Cao Jing, Wang Po-Kai, Tiwari Vinod, Liang Lingli, Lutz Brianna Marie, Shieh Kun-Ruey, Zang Wei-Dong, Kaufman Andrew G, Bekker Alex, Gao Xiao-Qun, Tao Yuan-Xiang
Department of Anatomy, College of Basic Medicine, Zhengzhou University, Zhengzhou, 450001, Henan, China.
Department of Anesthesiology, New Jersey Medical School, Rutgers, The State University of New Jersey, 185 S. Orange Ave., MSB, F-548, Newark, NJ, 07103, USA.
Mol Pain. 2015 Dec 2;11:73. doi: 10.1186/s12990-015-0077-3.
Chronic stress has been reported to increase basal pain sensitivity and/or exacerbate existing persistent pain. However, most surgical patients have normal physiological and psychological health status such as normal pain perception before surgery although they do experience short-term stress during pre- and post-operative periods.
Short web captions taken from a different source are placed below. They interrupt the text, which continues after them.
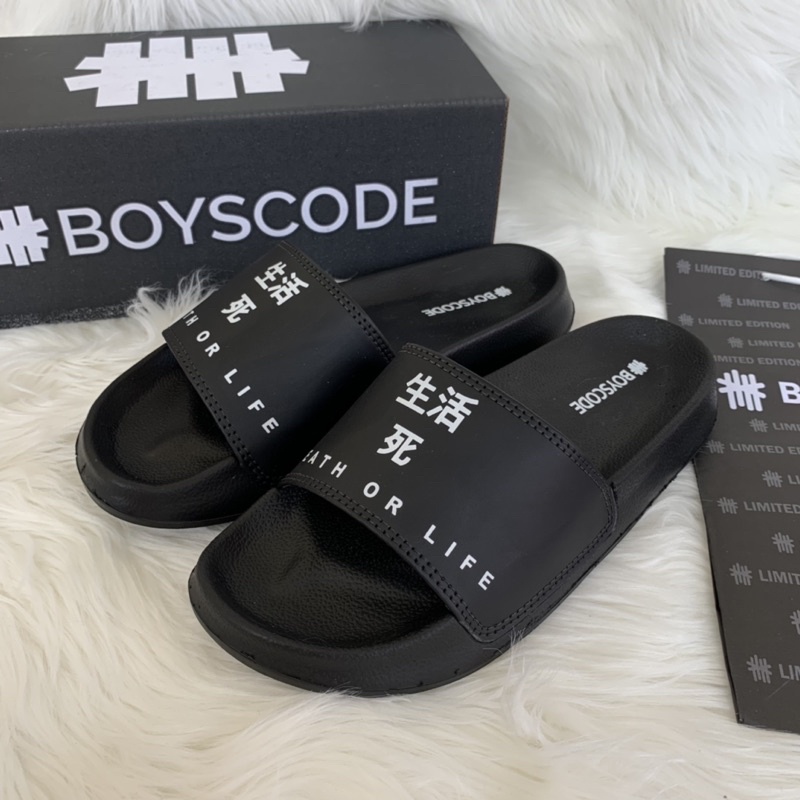 [BOYSCODE] Sendal Selop Pria Wanita Distro Death Or Life / Sendal Slide Pria / Sendal Flip Flop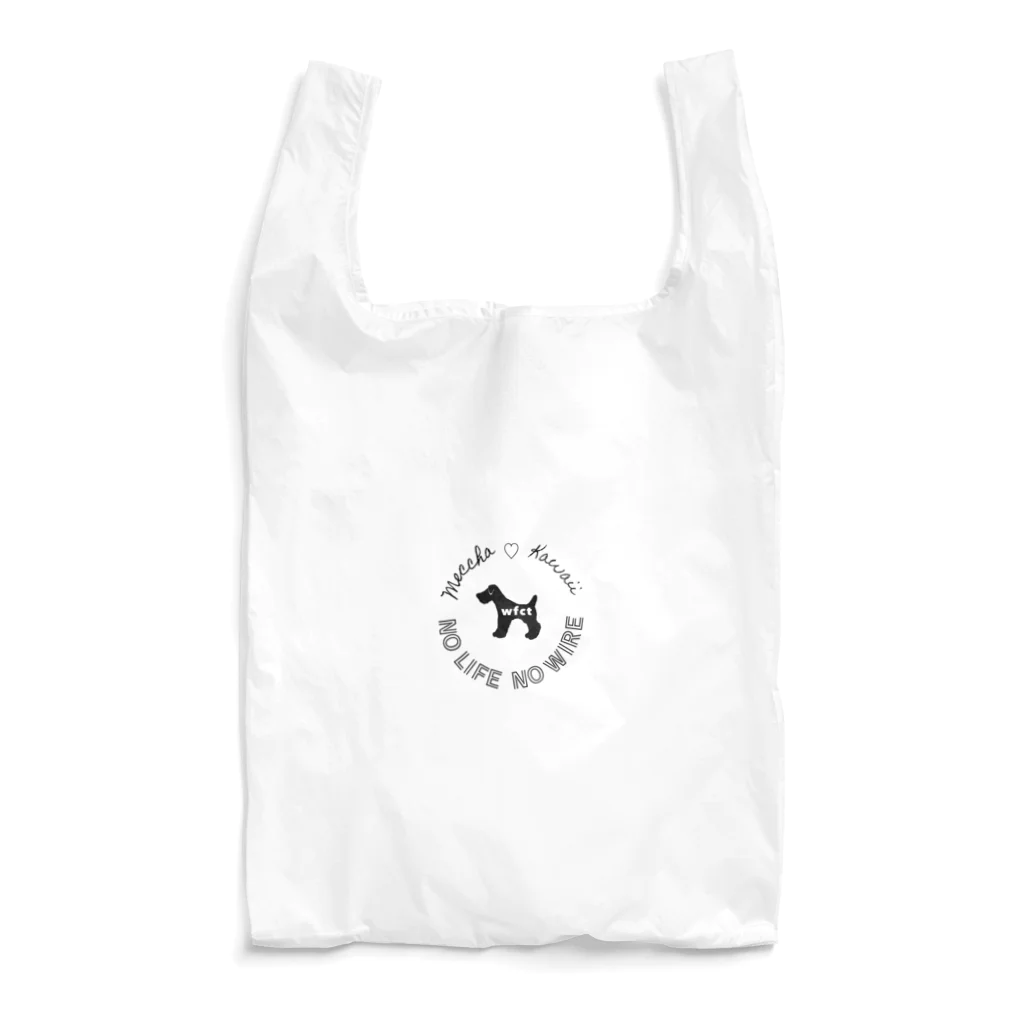 wfctのNO LIFE NO WIRE ロゴ Reusable Bag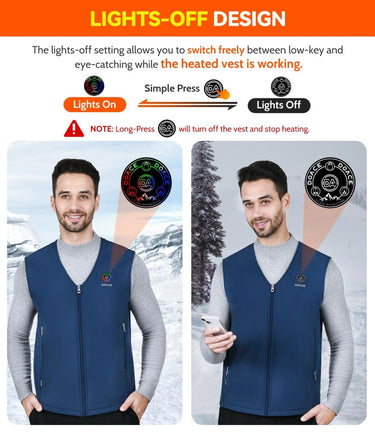 DOACE Smart Heated Vest - 8 Heating Zones - InspiredGrabs.com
Whether or not this short-term stress affects persistent postsurgical pain is unclear.
In this study, we showed that pre- or post-surgical exposure to immobilization 6 h daily for three consecutive days did not change basal responses to mechanical, thermal, or cold stimuli or peak levels of incision-induced hypersensitivity to these stimuli; however, immobilization did prolong the duration of incision-induced hypersensitivity in both male and female rats. These phenomena were also observed in post-surgical exposure to forced swimming 25 min daily for 3 consecutive days. Short-term stress induced by immobilization was demonstrated by an elevation in the level of serum corticosterone, an increase in swim immobility, and a decrease in sucrose consumption. Blocking this short-term stress via intrathecal administration of a selective glucocorticoid receptor antagonist, RU38486, or bilateral adrenalectomy significantly attenuated the prolongation of incision-induced hypersensitivity to mechanical, thermal, and cold stimuli.
Our results indicate that short-term stress during the pre- or post-operative period delays postoperative pain recovery although it does not affect basal pain perception. Prevention of short-term stress may facilitate patients' recovery from postoperative pain.
据报道,慢性应激会增加基础疼痛敏感性和/或加剧现有的持续性疼痛。然而,大多数外科手术患者在手术前具有正常的生理和心理健康状况,如正常的疼痛感知,尽管他们在手术前后确实会经历短期应激。这种短期应激是否会影响术后持续性疼痛尚不清楚。
在本研究中,我们发现,术前或术后连续三天每天固定6小时,并不会改变对机械、热或冷刺激的基础反应,也不会改变切口诱导的对这些刺激的超敏反应的峰值水平;然而,固定确实会延长雄性和雌性大鼠切口诱导的超敏反应的持续时间。在术后连续三天每天强迫游泳25分钟的情况下也观察到了这些现象。固定诱导的短期应激通过血清皮质酮水平升高、游泳不动时间增加和蔗糖消耗减少得以证明。通过鞘内注射选择性糖皮质激素受体拮抗剂RU38486或双侧肾上腺切除术阻断这种短期应激,可显著减轻切口诱导的对机械、热和冷刺激的超敏反应的延长。
我们的结果表明,术前或术后的短期应激会延迟术后疼痛的恢复,尽管它不会影响基础疼痛感知。预防短期应激可能有助于患者从术后疼痛中恢复。